4. Only ride in Zone 2 because that is 'Base training' which everyone says you should do.

With the exception of not riding there's validity to all of these approaches. How's that for sitting on the fence ? Less feebly, you'll need to look at what you are aiming to achieve once you emerge from the cold, wet season and enter the brighter, warmer, wet season.

The first approach, interval training, if it's done carefully, works well if you want to keep a high level of fitness, create one in the first place, or if you are aiming at taking part in short duration events - this would include most road races below E, 1, 2 categories.

It's powerful ju-ju however and care needs to be taken that you don't max out the frequency (a couple of times a week is probably plenty for most people), the intensity (sprint work is the icing, not the cake) or the number of weeks you do this for. If your entire winter is spent with the DVD of "Smash Your Head Against The Wall Because All Pain Is Good" the chances are you will emerge into what optimists refer to as summer bug-eyed and feral and hating everything to do with cycling.

Periodisation is the term coaches use at this juncture: do the right thing at the right time and have that determined by what you aim to do with that fitness.

Just riding your bike and hoping things will work out is actually a good approach for a specific type of rider.

Just riding your bike and hoping things will work out is actually a good approach for a specific type of rider. None of us got into this to train, we ride because we like it. For some people a structured approach to riding kills the enjoyment. Sometimes riders can improve just by doing more riding of any kind.

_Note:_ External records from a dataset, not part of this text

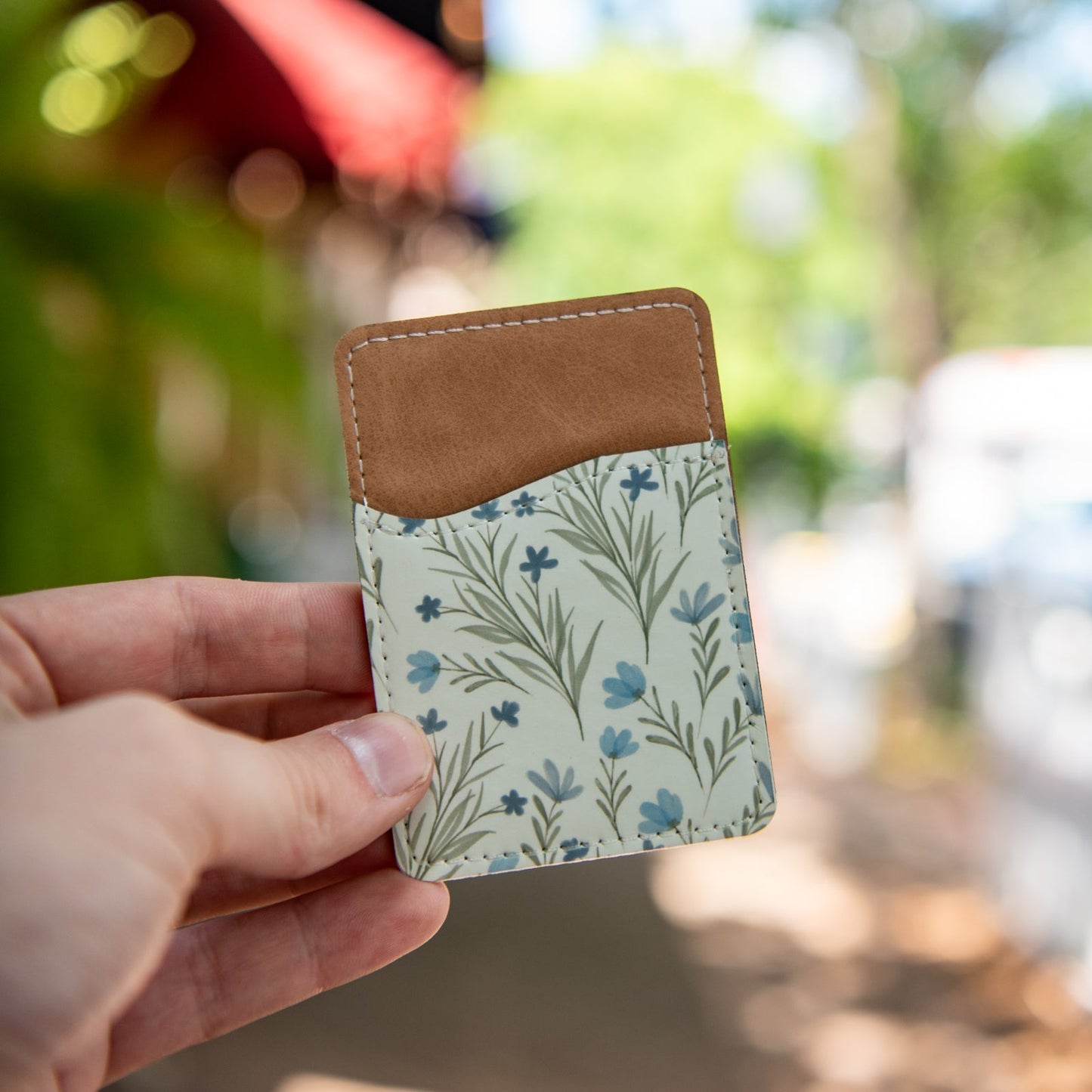Still Magnolia Wildflower Whisper pattern phone wallet with card slots and floral design on soft material.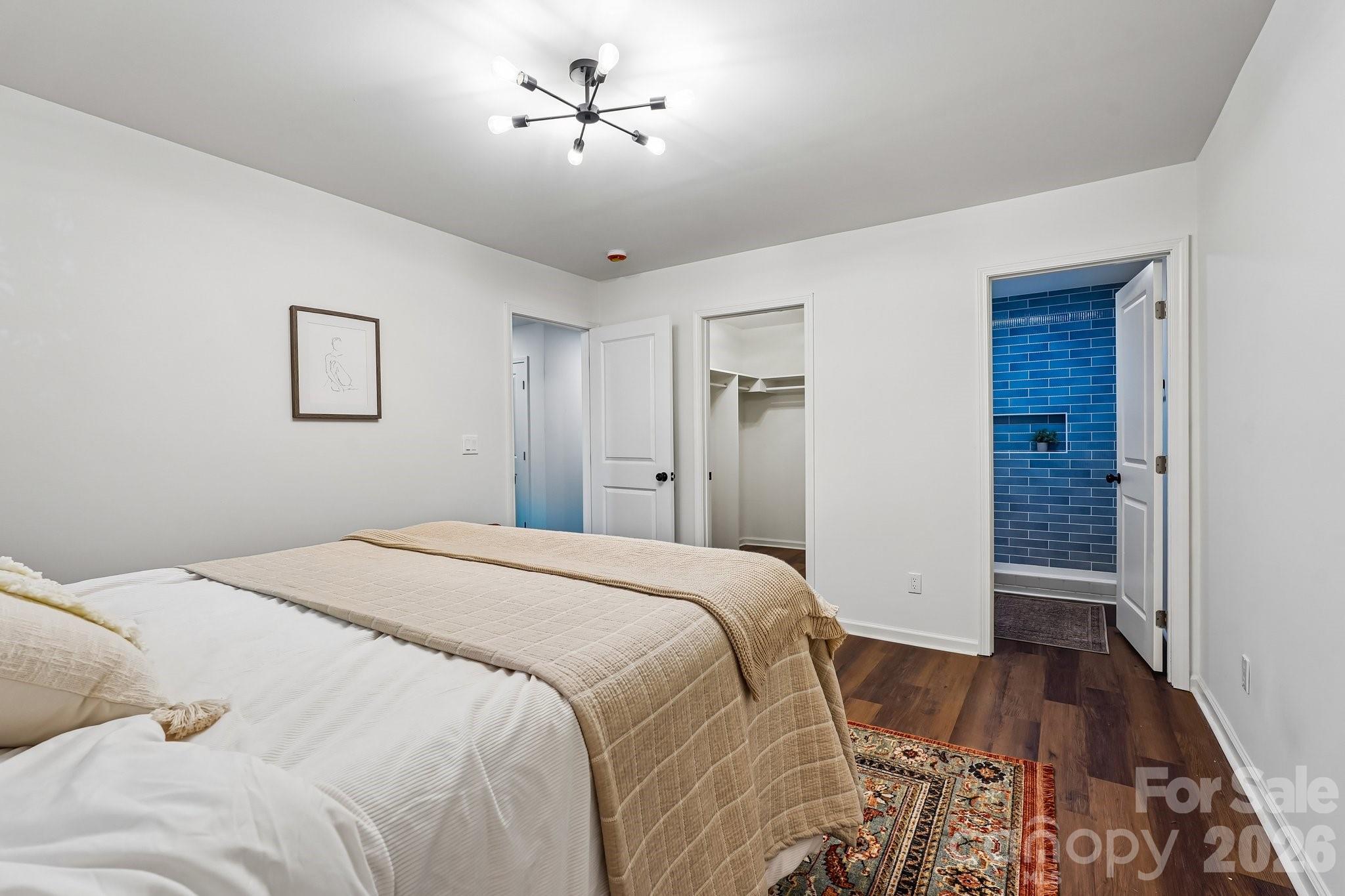 514 West Arch Street Lancaster, SC 29720 - Photo 16 of 43 a spacious bedroom with a bed and a walk in closet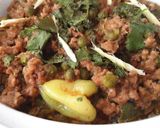 A picture of step 9 of Qeema matar (minced meat with peas).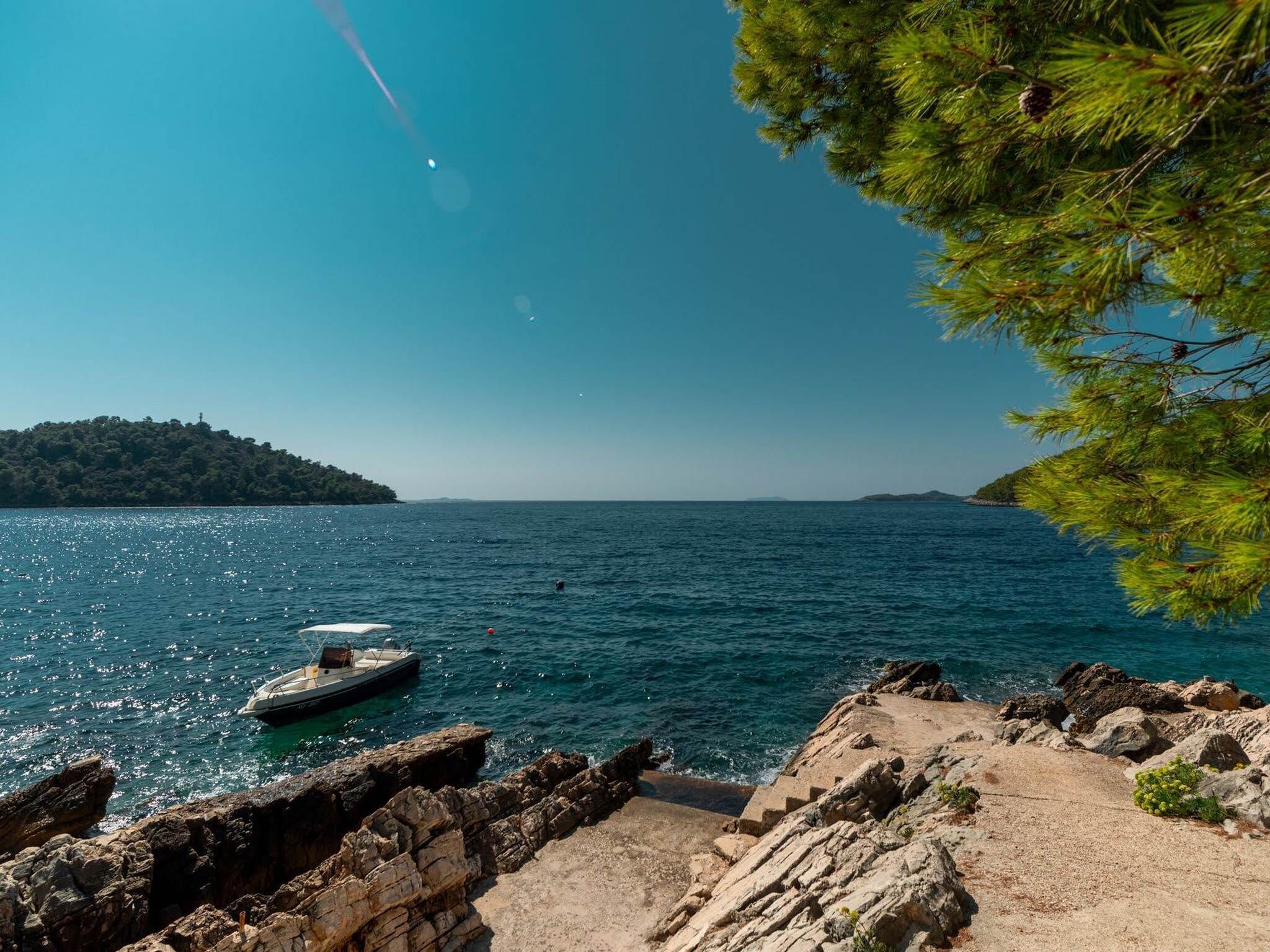 Une côte rocheuse avec un bateau ancré près du rivage.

I find that a very large proportion of my clients, when we first get them to make meaningful analyses of their rides, have spent their cycling hours going quite hard all the time: Zone 3, or Tempo. Hard enough to feel you're not slacking, not so hard it hurts. For Sportive riders this is not a bad approach for much of a training schedule but it does ensure that's about the only way you can ride effectively. It also limits your potential for improvement. For racers this is a terrible approach because it doesn't reflect what happens within a race. As with the pain cave tribe, judicious use of that approach and a mixture of different types of training are likely to make your winter more enjoyable and your summer more successful.

Base training is a term loaned from periodisation models and comes to us from the world of professional cycling. Although there are a variety of aspects to Base training it's typified by a lot of Endurance rides, multiple hours in Zones 1 and 2. Bear in mind where it comes from when you consider if it is right for you. Are you likely to be doing 5 hour races ? Are you able to train for multiple hours a day on multiple days a week ? If your answers are both 'no' then congratulations, you get to avoid doing 4 hour rides in January with no feeling below your knees.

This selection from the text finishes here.